WHAT TO DO:
Look in the material below for the line with "Kidney Pain Causes" and the line with "Признаки проникающего (открытого)", then set down exactly those two lines and all lines between, nothing more.

RECORDS:
+ + + + + + +

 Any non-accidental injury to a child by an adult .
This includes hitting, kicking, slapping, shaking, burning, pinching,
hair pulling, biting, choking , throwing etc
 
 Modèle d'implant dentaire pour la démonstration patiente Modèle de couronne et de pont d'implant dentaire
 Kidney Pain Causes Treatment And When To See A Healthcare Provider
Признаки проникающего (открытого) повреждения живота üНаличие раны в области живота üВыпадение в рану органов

+ + + + + + +

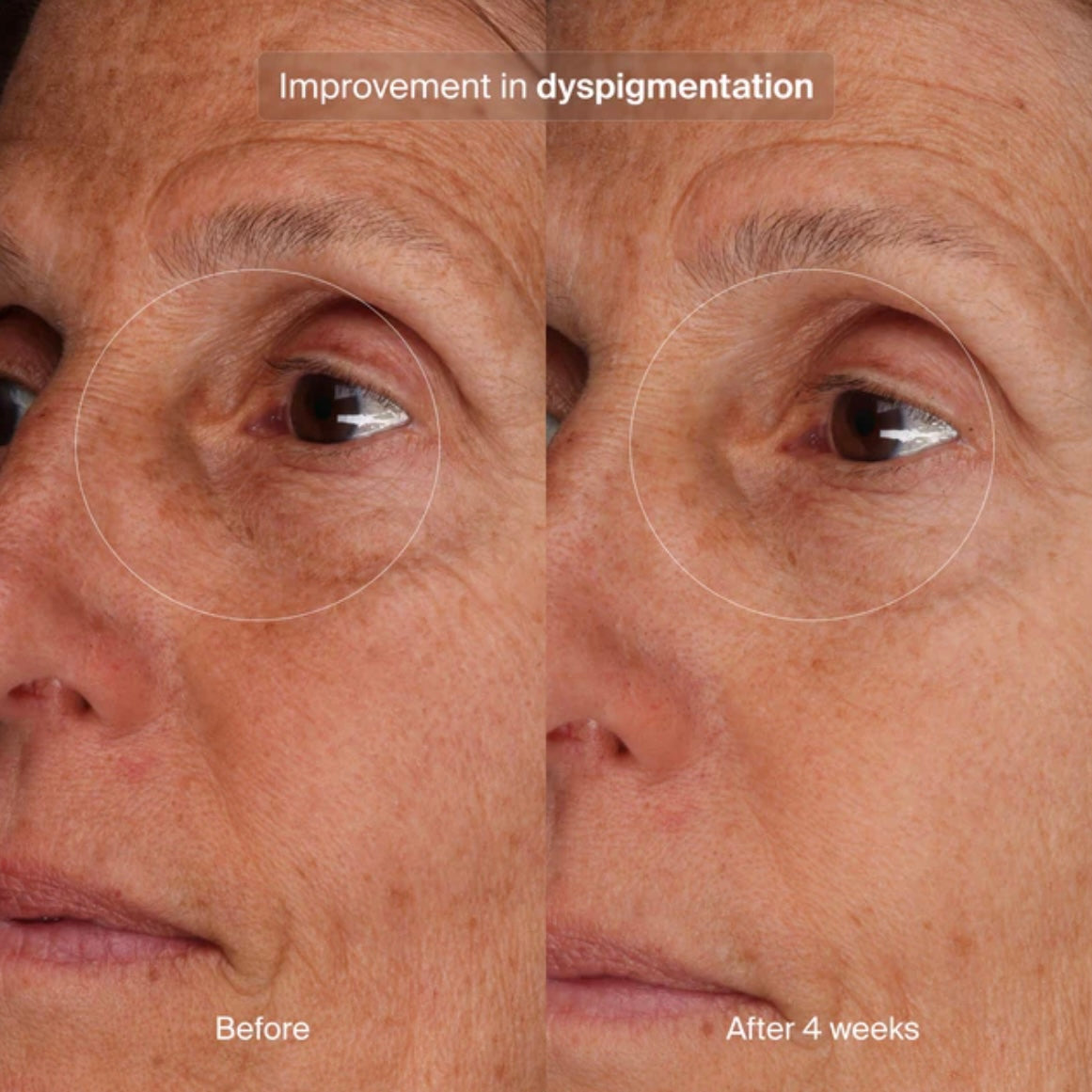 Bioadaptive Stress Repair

+ + + + + + +

WRITTEN RESPONSE:
 Kidney Pain Causes Treatment And When To See A Healthcare Provider
Признаки проникающего (открытого) повреждения живота üНаличие раны в области живота üВыпадение в рану органов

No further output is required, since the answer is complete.